D3D12 Range Profiler not collecting data from second command list

Hi,
I’m having trouble with using the range profiler with D3D12.

I am profiling one pass, and in this pass 2 command lists are executed. Each command list has multiple ranges I am trying to profile, however I am only receiving counters from the first command list, and no ranges from the second.

If I adjust my pass to only encapsulate the second command list, then I receive no data from any ranges at all when I decode the counters.

If I try to create two passes, one encapsulating the first command list and a second pass around the second command list, then I get an ‘insufficient space’ error from within the NV Perf SDK. I tried seeing if anything I could manipulate could affect when this insufficient space error occurred, but couldn’t seem to find anything that had an effect.

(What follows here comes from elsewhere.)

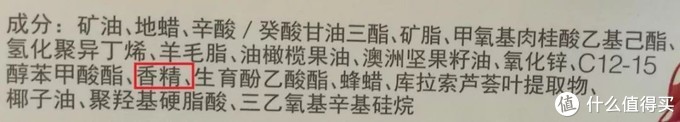 10款幼童润唇膏对比测评：哪款更滋润、更安全？这两款值得推荐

Any help would be greatly appreciated.

I managed to find a work around - by submitting end pass in a separate third command list, I got data from both the first and second command list’s ranges. Still unsure of the root cause of the issue, but nevertheless this fix works for my purposes.

Hi, Jamie,

Thanks for reporting the issue to us and it is good to know that you were able to find a workaround. We would still like to understand the problem so that we can help others. Is it possible to share your code with us so that we can debug this?

Here are some ways to share your files with us: 1) upload to either a Google Drive or another Cloud storage device that you prefer and provide us with access to the files; 2) if you are working with GitHub, you can also create a branch for us highlighting the issue.

Hi,

Here is my github repo; and this commit is where I implemented the workaround that fixed the issue. I apologise for the commit being a bit of a mess I had a lot going on at that moment.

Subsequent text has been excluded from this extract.